My mother--whom I'll call Big Ro--is famous for her intense crushes. I've seen this woman swoon over Octavia Butler novels, Lucille Clifton poems and everything by jazz pianist Jason Moran. Lately she's been all about Ta-Nehisi Coates, a non-relative whom she calls "your brother," as in, "Did you see what your brother wrote about Malcolm and Obama? He is so brilliant!"
Perhaps in protest, I try to keep my crushes on the low. But I am my mother's child. That's why I can't contain my adoration for the Web-only series "The Misadventures of Awkward Black Girl and Friends."
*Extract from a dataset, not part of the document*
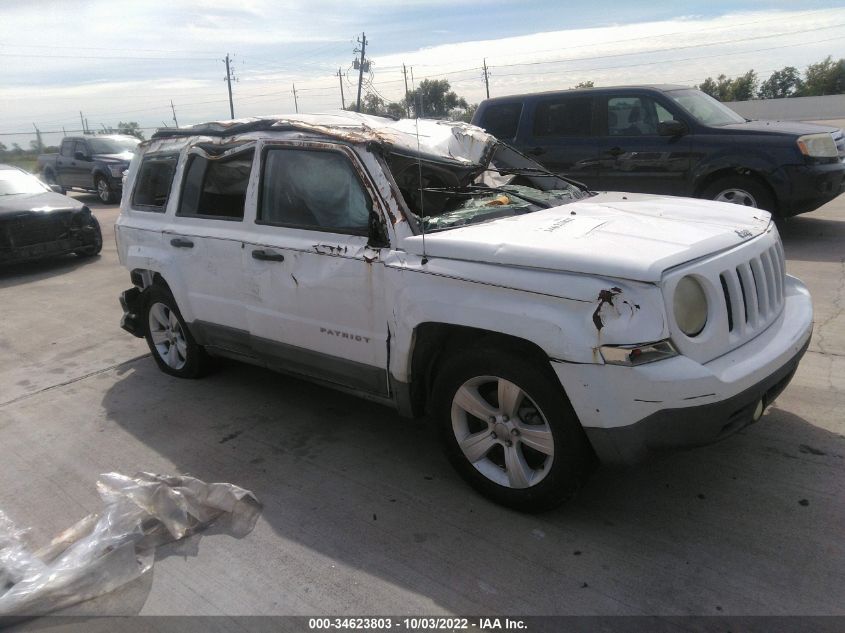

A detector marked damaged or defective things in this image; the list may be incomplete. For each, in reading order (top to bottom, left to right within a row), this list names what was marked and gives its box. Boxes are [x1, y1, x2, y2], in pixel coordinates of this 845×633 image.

"ABG," as series creator and star Issa Rae, shorthands it, is everything Tyler Perry's TV work isn't. The protagonist, J, is a young, brown-skinned woman from Los Angeles who is (gasp!) socially awkward. At work she silently suffers casual racism, cheap shots about her femininity, colorism, and the advances of a Steve Erkel-esque bugaboo. At home, she writes and spits artless gangsta raps to cope with the loss of an ignorant dude who ultimately dumps her because her short natural haircut makes him "feel gay." ("No homo," he says, earnestly.)
The workplace absurdity on "ABG" reminds me of "The Office" at its best. Ninety-seven percent of the time, the show successfully satirizes common -isms. And J's dangerous wit, her quiet rage, her "proper-talking" on the job, her perverse love of gangsta rap, her insecurity and her nerdiness make her one of the most textured black woman characters I've ever seen.
I am officially in love with ABG. You will be too.